» INSTRUCTIONS FOR THE TASK: Transcribe only part of the material below: the lines from the one containing "Photo 3 from" through the one containing "2027 Lincoln Navigator Black Label", inclusive, exactly as written.

» INFORMATION SHOWN:
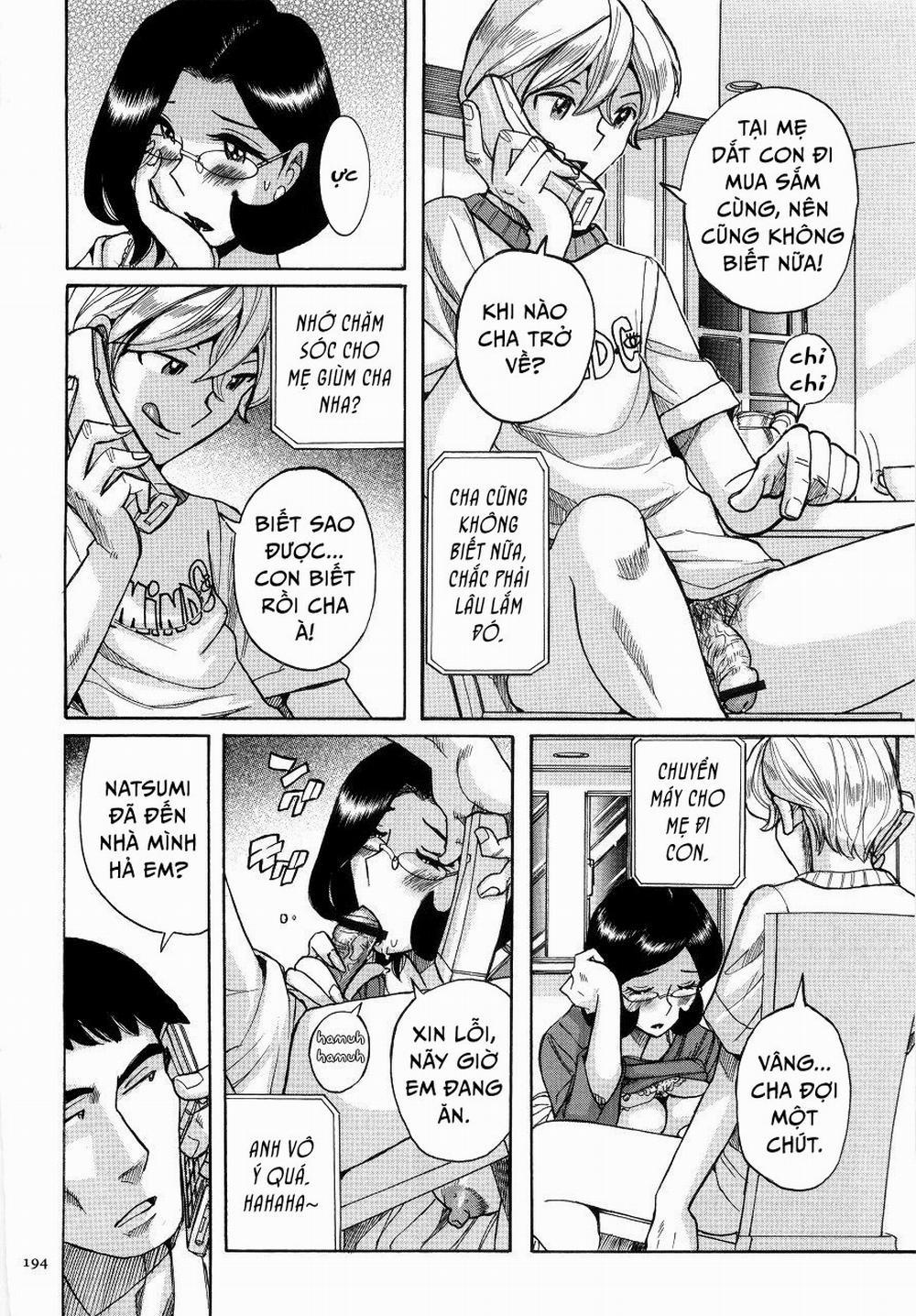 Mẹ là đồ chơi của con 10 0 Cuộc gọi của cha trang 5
* * *
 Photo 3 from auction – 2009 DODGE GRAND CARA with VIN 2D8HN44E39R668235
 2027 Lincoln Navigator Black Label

» OUTPUT OF THE TASK:
 Photo 3 from auction – 2009 DODGE GRAND CARA with VIN 2D8HN44E39R668235
 2027 Lincoln Navigator Black Label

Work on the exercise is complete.